More Poe-themed entertainment for your tricked-and-treated soul: The delightful nostalgia-themed blog Embarrassing Treasures compiled a list of radio adaptations of Poe's stories. The links to the broadcasts can be found here and here.
As accompaniment, I can only add a few words of great wisdom--words that are too often ignored in our blood-and-gore drenched culture:
"But the truth is that, with a single exception, there is no one of these stories in which the scholar should recognise the distinctive features of that species of pseudo-horror which we are taught to call Germanic, for no better reason than that some of the secondary names of German literature have become identified with its folly. If in many of my productions terror has been the thesis, I maintain that terror is not of Germany, but of the soul,--that I have deduced this terror only from its legitimate sources, and urged it only to its legitimate results."

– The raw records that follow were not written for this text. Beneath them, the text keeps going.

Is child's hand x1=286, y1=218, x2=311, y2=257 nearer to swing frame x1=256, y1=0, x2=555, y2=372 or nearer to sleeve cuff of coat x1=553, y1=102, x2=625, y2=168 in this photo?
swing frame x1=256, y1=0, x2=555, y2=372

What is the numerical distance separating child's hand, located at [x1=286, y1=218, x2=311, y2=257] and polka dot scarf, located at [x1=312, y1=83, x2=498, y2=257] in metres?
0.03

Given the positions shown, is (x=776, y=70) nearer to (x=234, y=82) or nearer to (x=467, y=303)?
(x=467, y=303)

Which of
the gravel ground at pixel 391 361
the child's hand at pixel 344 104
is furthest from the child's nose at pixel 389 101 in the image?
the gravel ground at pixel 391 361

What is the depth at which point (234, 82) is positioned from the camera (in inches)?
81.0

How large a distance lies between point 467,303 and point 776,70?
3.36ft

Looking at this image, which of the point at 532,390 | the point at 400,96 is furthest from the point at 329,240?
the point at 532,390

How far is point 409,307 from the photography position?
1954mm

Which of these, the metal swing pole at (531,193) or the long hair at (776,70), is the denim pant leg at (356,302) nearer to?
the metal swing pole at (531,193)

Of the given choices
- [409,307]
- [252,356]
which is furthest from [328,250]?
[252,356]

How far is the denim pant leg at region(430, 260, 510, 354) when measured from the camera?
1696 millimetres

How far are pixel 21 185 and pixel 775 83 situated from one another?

-From the preface to "Tales of the Grotesque and Arabesque," 1840
[Bonus video: Thanks to Tim Smith of the "Baltimore Sun," I recently discovered this beautiful musical rendition of "Annabel Lee," sung by the late Welsh tenor Robert Tear, with André Previn on piano. I knew I had to share it on the blog somehow, and it makes a suitably haunting song for this occasion. A good Samhain's Eve to one and all.]